Tuesday, September 22, 2009

Italian Comic Book Movie Jazz


Italians love their fumetti neri or Italian crime, mystery or spy comic book anti-heroes. Diabolik, Satanik and Kriminal are among the most famous, and each was translated to film during the 1960s.

Roberto Pregadio and Romano Mussolini’s Kriminal (’66) features a swinging beat jazz theme — heard in two instrumental versions. There are other similarly styled tracks, featuring chugging rhythm guitar and bass with organ or horns and crisp drumming. Other jazzy tracks offer intrigue, sex appeal and action, occasionally taking a lush lounge approach. The intrigue numbers sound like Barry’s music for Thunderball, which was released a year earlier, but overall the music can be described as noir crime jazz.



Pregadio and Mussolini also provided a jazz score for Satanik (’68), Piero Vivarelli's flick about an old hag who drinks a youth potion that turns her into a hot chick (Magda Konopka) known as "Satanik." Unlike the movie, the Satanik score does not disappoint. By turns jazzy, loungy, psychedelic, suspenseful, bluesy and Latinesque, Pregadio and Mussolini keep the listener guessing what's next.
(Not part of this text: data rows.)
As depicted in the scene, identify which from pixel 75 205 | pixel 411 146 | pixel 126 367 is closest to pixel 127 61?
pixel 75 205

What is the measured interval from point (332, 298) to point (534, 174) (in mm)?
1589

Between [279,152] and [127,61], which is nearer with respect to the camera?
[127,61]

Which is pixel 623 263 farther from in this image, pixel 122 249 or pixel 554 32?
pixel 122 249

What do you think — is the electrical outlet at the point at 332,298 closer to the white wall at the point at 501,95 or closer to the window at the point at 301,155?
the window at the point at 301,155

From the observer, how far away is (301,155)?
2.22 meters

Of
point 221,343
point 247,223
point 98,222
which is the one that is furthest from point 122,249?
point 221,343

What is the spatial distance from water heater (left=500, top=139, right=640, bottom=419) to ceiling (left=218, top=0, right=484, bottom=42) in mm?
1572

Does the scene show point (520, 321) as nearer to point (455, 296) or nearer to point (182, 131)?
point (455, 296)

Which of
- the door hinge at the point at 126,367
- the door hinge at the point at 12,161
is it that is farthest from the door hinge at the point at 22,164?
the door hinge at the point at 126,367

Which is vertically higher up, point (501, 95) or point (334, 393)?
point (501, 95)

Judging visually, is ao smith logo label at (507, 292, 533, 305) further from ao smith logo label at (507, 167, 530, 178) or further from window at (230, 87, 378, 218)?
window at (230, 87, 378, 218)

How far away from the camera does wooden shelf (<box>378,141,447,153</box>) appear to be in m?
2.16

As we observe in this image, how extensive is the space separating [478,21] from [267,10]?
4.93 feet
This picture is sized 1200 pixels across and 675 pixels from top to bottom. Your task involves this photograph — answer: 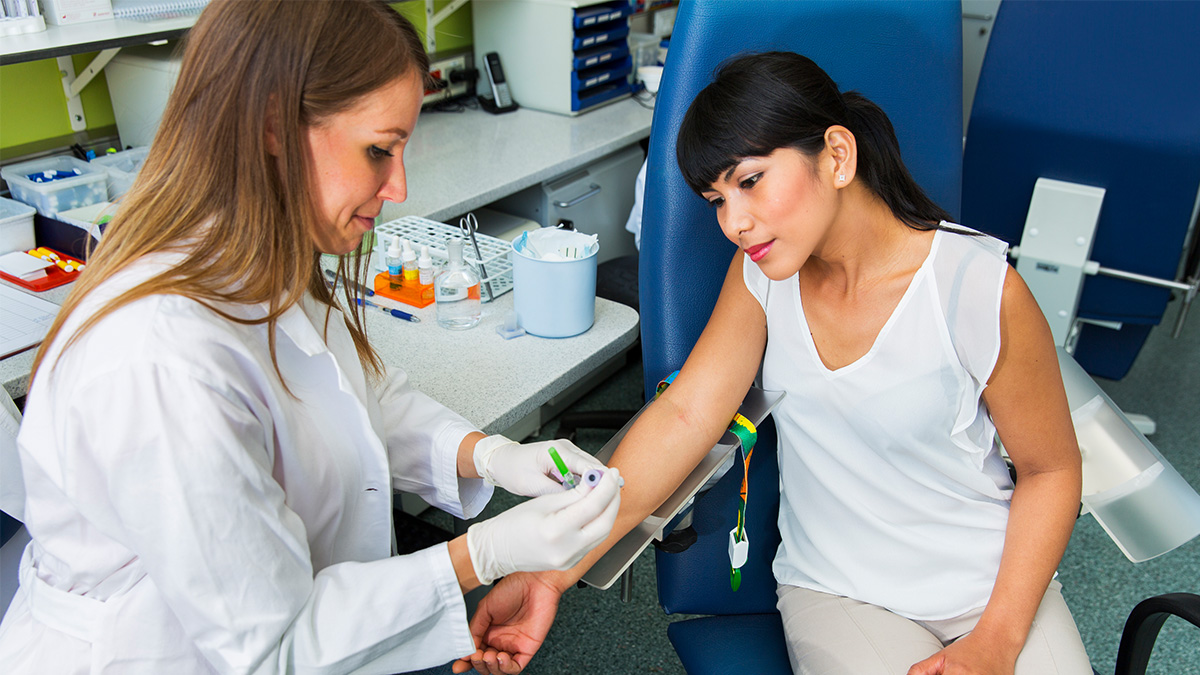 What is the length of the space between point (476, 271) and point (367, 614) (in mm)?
837

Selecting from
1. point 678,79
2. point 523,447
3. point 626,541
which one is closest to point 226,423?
point 523,447

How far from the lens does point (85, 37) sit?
65.1 inches

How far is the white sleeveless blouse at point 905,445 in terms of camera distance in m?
1.12

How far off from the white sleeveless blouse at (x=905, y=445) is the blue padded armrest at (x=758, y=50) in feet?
0.31

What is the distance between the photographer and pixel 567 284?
142 cm

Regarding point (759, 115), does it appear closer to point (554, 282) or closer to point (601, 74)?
point (554, 282)

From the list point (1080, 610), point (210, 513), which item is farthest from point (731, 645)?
point (1080, 610)

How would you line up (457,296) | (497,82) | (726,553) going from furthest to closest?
1. (497,82)
2. (457,296)
3. (726,553)

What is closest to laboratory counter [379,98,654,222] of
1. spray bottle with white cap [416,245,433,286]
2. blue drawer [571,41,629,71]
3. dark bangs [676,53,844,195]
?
blue drawer [571,41,629,71]

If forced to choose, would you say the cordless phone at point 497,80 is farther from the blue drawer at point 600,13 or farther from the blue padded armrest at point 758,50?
the blue padded armrest at point 758,50

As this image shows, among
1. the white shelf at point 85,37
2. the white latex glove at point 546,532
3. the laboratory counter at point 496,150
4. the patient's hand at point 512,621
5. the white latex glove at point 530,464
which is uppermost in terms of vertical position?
the white shelf at point 85,37

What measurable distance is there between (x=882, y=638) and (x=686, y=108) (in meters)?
0.73

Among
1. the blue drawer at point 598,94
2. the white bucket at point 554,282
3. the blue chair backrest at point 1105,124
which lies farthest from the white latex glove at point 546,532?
the blue drawer at point 598,94

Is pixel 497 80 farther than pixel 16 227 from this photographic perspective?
Yes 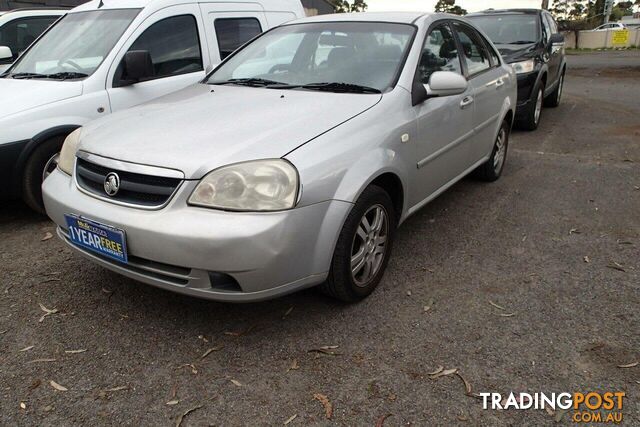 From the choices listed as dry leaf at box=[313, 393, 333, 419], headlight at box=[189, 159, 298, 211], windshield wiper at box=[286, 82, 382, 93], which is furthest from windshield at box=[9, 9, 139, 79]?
dry leaf at box=[313, 393, 333, 419]

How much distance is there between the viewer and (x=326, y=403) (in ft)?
7.43

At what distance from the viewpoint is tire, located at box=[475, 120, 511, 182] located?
5.10 metres

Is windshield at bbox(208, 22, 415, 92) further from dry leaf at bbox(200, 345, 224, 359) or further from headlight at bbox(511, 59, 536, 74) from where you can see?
headlight at bbox(511, 59, 536, 74)

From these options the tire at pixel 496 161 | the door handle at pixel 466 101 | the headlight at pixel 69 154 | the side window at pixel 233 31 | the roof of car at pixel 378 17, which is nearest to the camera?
the headlight at pixel 69 154

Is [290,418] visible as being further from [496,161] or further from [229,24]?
[229,24]

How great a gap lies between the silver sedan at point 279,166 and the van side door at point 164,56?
3.16 ft

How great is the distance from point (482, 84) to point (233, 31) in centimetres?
263

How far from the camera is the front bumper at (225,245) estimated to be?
2318mm

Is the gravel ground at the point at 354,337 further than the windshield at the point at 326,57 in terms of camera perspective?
No

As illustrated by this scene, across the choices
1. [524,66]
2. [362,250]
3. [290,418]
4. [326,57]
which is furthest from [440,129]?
[524,66]

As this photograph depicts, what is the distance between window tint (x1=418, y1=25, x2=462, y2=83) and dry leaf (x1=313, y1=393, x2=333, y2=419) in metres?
2.16

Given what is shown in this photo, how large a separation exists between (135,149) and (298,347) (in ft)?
4.22

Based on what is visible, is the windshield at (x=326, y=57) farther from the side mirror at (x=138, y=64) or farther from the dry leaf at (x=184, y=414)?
the dry leaf at (x=184, y=414)

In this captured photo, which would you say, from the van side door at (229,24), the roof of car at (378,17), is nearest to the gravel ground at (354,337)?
the roof of car at (378,17) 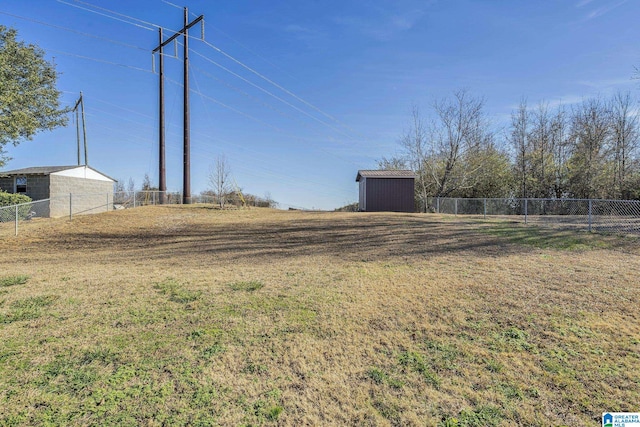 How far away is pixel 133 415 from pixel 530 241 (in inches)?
338

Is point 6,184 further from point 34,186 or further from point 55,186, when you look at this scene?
point 55,186

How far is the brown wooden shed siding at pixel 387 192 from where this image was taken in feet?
61.3

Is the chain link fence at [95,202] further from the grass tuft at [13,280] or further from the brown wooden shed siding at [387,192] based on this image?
the brown wooden shed siding at [387,192]

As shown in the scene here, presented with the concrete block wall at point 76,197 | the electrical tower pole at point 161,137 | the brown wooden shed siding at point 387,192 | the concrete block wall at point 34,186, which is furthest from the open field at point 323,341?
the concrete block wall at point 34,186

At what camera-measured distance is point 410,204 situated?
18.9 meters

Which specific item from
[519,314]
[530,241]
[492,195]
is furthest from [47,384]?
[492,195]

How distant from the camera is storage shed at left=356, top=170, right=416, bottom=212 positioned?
18.7m

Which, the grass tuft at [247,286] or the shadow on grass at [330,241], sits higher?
the shadow on grass at [330,241]

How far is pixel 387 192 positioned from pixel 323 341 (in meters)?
16.5

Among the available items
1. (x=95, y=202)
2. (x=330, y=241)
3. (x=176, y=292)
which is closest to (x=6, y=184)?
(x=95, y=202)

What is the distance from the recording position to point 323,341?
2924mm

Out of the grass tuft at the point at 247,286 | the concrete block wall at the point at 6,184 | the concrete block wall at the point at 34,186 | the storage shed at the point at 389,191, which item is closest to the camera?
the grass tuft at the point at 247,286

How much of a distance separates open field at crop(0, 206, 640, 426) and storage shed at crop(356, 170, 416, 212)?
12.7m

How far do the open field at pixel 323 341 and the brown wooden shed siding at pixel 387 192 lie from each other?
12662mm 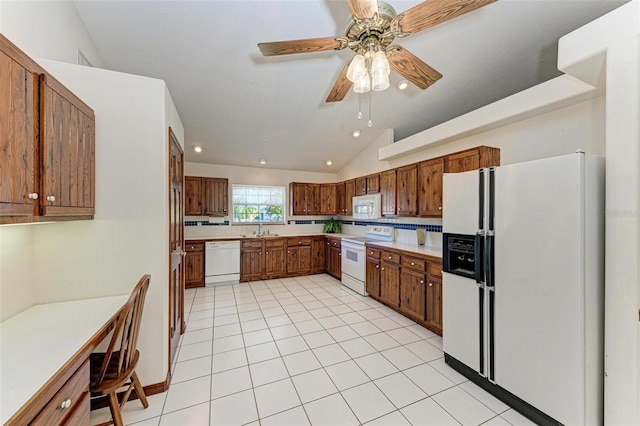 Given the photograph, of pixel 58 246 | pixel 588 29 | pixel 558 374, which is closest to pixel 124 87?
pixel 58 246

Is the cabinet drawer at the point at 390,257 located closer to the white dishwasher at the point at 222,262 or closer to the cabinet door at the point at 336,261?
the cabinet door at the point at 336,261

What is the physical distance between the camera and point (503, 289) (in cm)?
194

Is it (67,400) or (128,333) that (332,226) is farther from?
(67,400)

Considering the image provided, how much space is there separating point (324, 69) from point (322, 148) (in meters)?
2.17

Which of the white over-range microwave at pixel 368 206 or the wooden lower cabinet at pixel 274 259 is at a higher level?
the white over-range microwave at pixel 368 206

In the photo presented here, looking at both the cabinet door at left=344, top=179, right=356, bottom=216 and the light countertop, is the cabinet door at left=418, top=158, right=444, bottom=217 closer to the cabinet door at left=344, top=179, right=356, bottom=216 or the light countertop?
the light countertop

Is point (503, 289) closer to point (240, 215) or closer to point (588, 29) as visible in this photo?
point (588, 29)

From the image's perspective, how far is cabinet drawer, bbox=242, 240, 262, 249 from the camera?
5110mm

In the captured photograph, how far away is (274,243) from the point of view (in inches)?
211

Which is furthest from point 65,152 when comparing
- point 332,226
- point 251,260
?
point 332,226

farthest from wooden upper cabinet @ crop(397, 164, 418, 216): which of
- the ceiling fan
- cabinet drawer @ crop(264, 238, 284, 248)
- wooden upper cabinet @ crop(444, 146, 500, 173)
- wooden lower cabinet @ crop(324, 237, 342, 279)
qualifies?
cabinet drawer @ crop(264, 238, 284, 248)

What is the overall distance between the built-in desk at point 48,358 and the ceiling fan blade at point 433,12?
2.35 m

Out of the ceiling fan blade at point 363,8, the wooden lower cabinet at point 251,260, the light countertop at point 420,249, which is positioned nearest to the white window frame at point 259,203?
the wooden lower cabinet at point 251,260

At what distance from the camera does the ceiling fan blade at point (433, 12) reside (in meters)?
1.29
Better than both is Ennio Morricone’s psycho beat score for Danger Diabolik (’67), orchestrated by the composer’s frequent collaborator Bruno Nicolai. It features wild electronic abstractions, avant-garde trumpet solos, mystical sitar-laden intrigue cues and surf rock guitar-driven action cues that rival Neal Hefti’s “Batman” theme. The music electrifyingly complements the comic book dynamism of Mario Bava’s wildly colorful film, making Diabolik one of the essential crime soundtracks of the period.